Where the trader uses television or radio adverts, the additional costs could be significant. Already, radio adverts for financial services end with a lengthy and sometimes almost incomprehensible declaration of terms and conditions—the audio equivalent of small print. How much worse will this become if they must also detail every possible charge that may apply to every type of goods?

The important point is that the consumer is provided with the necessary information before they enter into the contract so that they can decide whether to continue. The consumer contracts regulations already require this. It might help Members of the Committee if I give a quick breakdown of the two sets of regulations that are independent of, but are referred to in, the Bill. The Consumer Contracts (Information, Cancellation and Additional Charges) Regulations 2013 implement the consumer rights directive. They set out the information that the trader should provide to the consumer, and this will form part of the contract. It will also include cancellation rights for consumers buying away from trader premises, such as a trader visiting their home, on the phone or, of course, online. It will also include measures to avoid hidden costs to consumers. As these regulations implement the consumer rights directive, the same basic rules apply across Europe and came into force on 4 June this year.

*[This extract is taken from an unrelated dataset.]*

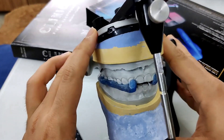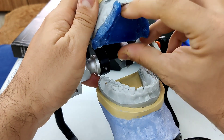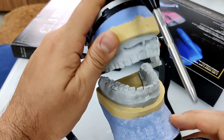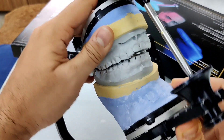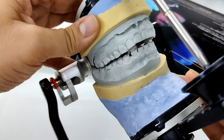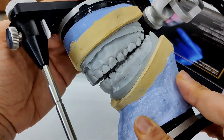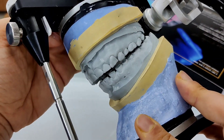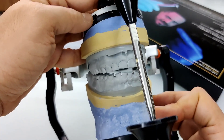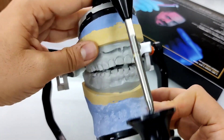I'm going to go ahead and open up and remove this CR record, and as I close down, you will realize that none of the teeth contact each other. This is because the CR record was made at an increased vertical dimension, and that is why there's a gap between all the teeth.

The second set of regulations came into force on 1 October, the Consumer Protection (Amendment) Regulations 2014. These give consumers new rights to get their money back and seek damages through the civil courts where they have been victims of misleading or aggressive practices. The regulations make the processes clearer and simpler for consumers, and consumers will have 90 days to cancel a contract and receive a full refund if they have been misled or bullied into agreeing it. They had previously only limited rights in this area.

To recap, the important point about the amendment is that the consumer is provided with the necessary information before they enter into the contract so that they can decide whether or not to continue. The consumer contract regulations that I have just outlined already require this. I therefore ask the noble Baroness to withdraw her amendment.